[What to produce] Begin at the line containing "Item thumbnail for" in the data below and go on through the line containing "4-valentine-bedroom-decoration12", repeating each line exactly; include both ends and no other line.

*** Provided records ***

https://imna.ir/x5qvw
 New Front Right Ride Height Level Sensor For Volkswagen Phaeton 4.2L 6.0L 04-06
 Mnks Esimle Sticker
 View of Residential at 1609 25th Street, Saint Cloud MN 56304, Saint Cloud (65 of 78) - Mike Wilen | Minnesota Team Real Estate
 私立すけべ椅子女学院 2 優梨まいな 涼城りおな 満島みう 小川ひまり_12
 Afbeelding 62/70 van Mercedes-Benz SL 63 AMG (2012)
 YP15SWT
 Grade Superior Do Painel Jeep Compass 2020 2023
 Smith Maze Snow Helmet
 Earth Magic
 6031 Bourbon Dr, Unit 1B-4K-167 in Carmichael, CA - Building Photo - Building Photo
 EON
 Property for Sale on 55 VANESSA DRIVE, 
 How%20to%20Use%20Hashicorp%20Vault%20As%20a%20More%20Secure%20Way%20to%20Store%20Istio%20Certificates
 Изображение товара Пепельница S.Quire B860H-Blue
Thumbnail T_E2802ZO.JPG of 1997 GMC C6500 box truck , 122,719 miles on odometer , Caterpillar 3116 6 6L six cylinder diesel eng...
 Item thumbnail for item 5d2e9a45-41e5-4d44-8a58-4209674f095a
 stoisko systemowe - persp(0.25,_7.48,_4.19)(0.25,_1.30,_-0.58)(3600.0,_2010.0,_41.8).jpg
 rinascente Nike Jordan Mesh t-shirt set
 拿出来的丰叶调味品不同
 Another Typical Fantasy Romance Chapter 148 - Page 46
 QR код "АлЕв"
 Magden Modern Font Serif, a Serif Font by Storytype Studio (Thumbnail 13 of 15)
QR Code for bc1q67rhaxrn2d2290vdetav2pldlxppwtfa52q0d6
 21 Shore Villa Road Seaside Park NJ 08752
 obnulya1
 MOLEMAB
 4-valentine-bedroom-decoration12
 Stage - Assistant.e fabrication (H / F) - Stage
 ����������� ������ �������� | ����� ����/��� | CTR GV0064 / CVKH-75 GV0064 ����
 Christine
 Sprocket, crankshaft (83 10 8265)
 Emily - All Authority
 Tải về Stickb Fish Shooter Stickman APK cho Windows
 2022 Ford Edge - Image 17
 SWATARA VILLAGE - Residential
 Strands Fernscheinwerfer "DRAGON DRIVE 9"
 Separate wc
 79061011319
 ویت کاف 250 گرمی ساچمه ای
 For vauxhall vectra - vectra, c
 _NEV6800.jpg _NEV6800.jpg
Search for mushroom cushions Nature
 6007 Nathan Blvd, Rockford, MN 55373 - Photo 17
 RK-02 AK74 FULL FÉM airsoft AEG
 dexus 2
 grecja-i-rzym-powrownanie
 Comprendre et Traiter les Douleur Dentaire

*** End of Provided records ***

[Expected answer]
 Item thumbnail for item 5d2e9a45-41e5-4d44-8a58-4209674f095a
 stoisko systemowe - persp(0.25,_7.48,_4.19)(0.25,_1.30,_-0.58)(3600.0,_2010.0,_41.8).jpg
 rinascente Nike Jordan Mesh t-shirt set
 拿出来的丰叶调味品不同
 Another Typical Fantasy Romance Chapter 148 - Page 46
 QR код "АлЕв"
 Magden Modern Font Serif, a Serif Font by Storytype Studio (Thumbnail 13 of 15)
QR Code for bc1q67rhaxrn2d2290vdetav2pldlxppwtfa52q0d6
 21 Shore Villa Road Seaside Park NJ 08752
 obnulya1
 MOLEMAB
 4-valentine-bedroom-decoration12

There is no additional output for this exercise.